The prototype project was used to learn the basics of the Apache Fluo API and to explore how it works for supporting CRUD-like operations while maintaining an index on the records being stored.
In the Fluo table I store both the original record as well as a inverted index. Records look like:
{
"id":"abc12345",
"value": 1122
}
These records are represented in Java with the Item
class. An index on the value
field is maintained and is used to search for Items by their value.
Per the notation from https://fluo.apache.org/tour/data-model/, record keys in Fluo look like item<itemId>:item:json
with the value being the JSON serialized representation.
Index keys in Fluo look like index<value>:id:<itemId>
with the value being empty.
To create/update and read records, a simple REST API was written with the following end points
Resource: /item
Method: PUT, POST
For simplicity both methods create or update an Item. The Item is sent as JSON in the body of the request. The following happens within a Transaction. If it is an update and the Item already exists, the existing index value is deleted. Then for both creates and updates, a value is written for the record with its JSON serialized string representation as well as an index value.
Resource: /item/find
Method: GET
Parameters: value
Looks up and returns all Items with the provided value. Within a Snapshot, all keys with a Row matching the search value are scanned, and a list of Item ids are returned by extracting the Column Qualifier from the returned keys. Then record keys/values are fetched based on this list of ids.

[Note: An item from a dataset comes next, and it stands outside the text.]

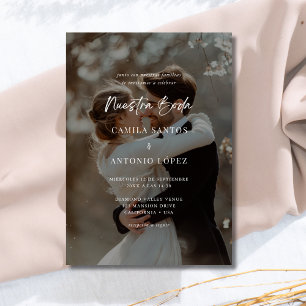 Modern Elegant Spanish Black Overlay Photo Wedding Invitation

All testing was with MiniFluo, so maybe it isn't wise to read into any performance numbers. The tests ran multiple threads which simultaneously updated Items and searched for Items. When Items where searched for, the client verified that the returned Items actually contained the value searched for. That is, showing the snapshot isolation ensuring that reads of the index and associated records is not impacted by concurrent updates to these records.